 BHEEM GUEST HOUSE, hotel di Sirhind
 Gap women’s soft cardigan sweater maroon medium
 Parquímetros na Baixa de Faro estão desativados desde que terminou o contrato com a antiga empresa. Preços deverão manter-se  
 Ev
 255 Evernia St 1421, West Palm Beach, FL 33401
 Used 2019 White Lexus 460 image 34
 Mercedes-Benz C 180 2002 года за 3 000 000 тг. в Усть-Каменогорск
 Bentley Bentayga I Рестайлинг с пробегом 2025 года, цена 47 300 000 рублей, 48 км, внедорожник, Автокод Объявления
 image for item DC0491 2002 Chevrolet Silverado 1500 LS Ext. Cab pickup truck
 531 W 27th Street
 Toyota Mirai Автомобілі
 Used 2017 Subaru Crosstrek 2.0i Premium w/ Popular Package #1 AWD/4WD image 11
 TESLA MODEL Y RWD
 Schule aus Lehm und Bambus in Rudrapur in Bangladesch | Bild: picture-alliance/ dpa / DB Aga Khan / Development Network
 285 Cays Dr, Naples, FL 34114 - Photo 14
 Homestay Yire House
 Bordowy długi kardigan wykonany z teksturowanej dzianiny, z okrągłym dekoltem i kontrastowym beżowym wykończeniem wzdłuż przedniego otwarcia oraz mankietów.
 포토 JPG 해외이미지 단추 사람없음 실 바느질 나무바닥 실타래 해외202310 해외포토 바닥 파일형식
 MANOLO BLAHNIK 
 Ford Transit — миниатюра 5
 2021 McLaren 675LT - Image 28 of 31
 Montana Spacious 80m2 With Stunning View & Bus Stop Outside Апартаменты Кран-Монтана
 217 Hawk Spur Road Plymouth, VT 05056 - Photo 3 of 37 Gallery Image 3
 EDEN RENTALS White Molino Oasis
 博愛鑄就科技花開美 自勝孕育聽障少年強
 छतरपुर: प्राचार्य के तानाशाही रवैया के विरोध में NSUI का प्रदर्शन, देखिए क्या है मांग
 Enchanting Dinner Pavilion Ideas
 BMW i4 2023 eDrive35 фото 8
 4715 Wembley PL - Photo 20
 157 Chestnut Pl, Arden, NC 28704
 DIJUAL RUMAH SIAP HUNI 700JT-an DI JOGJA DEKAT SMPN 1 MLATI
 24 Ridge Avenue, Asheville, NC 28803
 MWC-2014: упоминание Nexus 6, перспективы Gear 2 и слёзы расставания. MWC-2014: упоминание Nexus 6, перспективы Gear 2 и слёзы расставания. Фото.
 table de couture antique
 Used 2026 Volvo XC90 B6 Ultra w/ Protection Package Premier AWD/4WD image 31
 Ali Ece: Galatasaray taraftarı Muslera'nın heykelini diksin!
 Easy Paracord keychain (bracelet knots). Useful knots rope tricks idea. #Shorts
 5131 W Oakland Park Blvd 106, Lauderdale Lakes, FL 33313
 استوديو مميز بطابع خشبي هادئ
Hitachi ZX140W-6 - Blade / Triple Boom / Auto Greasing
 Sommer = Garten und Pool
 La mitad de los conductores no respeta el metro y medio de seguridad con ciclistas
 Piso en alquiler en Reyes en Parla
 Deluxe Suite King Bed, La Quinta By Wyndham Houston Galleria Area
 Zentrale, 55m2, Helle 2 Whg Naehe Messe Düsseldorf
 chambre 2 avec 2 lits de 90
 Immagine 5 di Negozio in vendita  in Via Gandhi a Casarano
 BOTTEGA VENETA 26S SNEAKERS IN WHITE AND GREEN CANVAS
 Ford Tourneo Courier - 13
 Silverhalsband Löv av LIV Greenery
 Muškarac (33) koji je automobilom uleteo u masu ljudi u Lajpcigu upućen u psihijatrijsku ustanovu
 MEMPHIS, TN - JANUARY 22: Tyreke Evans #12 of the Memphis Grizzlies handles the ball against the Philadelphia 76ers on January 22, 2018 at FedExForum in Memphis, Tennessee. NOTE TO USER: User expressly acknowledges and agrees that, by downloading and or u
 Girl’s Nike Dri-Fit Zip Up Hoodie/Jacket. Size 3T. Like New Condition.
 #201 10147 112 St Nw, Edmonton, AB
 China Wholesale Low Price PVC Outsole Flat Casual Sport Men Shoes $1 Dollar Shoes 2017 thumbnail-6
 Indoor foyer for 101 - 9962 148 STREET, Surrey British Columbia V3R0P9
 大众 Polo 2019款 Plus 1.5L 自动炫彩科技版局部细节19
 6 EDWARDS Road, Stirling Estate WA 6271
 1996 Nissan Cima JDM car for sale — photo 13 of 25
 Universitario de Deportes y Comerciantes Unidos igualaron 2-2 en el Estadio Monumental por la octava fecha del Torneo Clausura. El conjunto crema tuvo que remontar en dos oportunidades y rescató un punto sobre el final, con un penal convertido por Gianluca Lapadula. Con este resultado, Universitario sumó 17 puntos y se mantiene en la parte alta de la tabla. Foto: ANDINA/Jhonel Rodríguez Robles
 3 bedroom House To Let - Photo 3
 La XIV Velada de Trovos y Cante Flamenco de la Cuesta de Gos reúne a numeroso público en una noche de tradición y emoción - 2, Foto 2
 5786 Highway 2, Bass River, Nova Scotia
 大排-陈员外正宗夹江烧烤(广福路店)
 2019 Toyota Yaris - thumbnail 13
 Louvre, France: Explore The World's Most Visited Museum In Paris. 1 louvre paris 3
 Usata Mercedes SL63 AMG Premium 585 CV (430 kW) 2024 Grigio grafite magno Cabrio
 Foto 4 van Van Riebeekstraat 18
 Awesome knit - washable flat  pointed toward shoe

◆ Your objective ◆
Across the listing above, report every line where "Toyota" occurs.

◆ Answer ◆
 Toyota Mirai Автомобілі
 2019 Toyota Yaris - thumbnail 13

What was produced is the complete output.